>>>>>

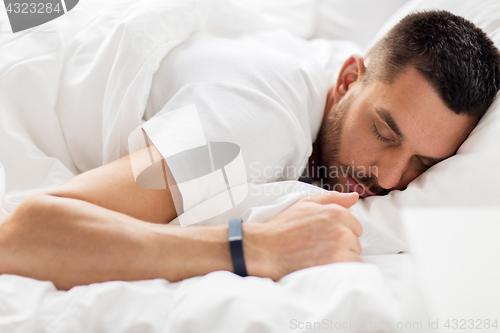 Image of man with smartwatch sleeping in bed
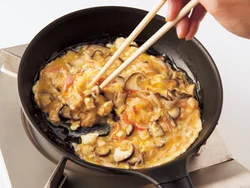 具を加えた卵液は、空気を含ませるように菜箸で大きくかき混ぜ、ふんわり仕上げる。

<<<<<
>>>>>

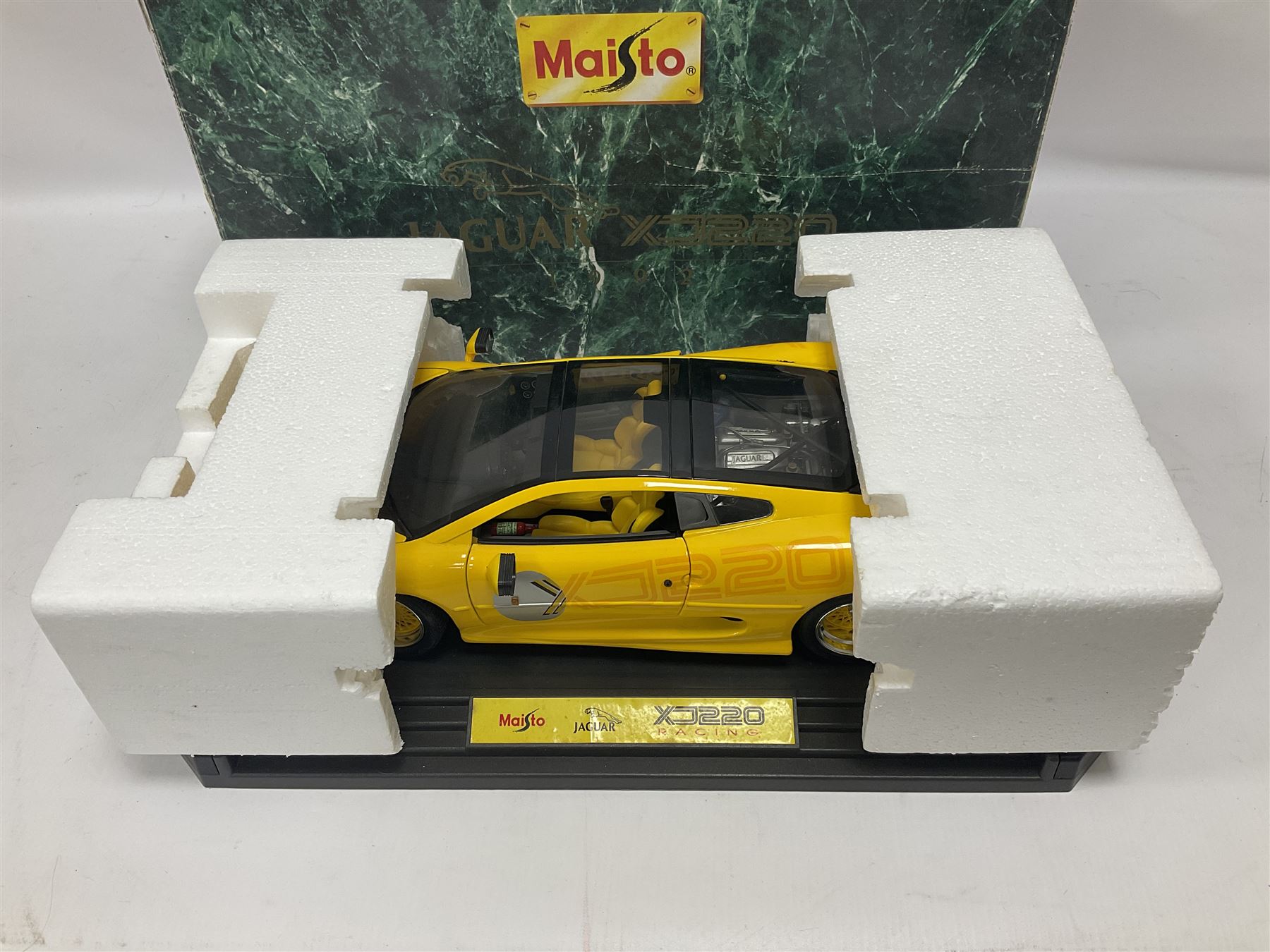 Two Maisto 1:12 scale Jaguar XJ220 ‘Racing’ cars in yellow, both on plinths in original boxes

<<<<<

▶ [Work to be completed]: From the records above, write out exactly the lines that begin at the line with "Image of man with smartwatch sleeping in bed" and end at the line with "具を加えた卵液は、空気を含ませるように菜箸で大きくかき混ぜ、ふんわり仕上げる。". Pictures must not appear in the output.

▶ [Written solution]:
 Image of man with smartwatch sleeping in bed
 具を加えた卵液は、空気を含ませるように菜箸で大きくかき混ぜ、ふんわり仕上げる。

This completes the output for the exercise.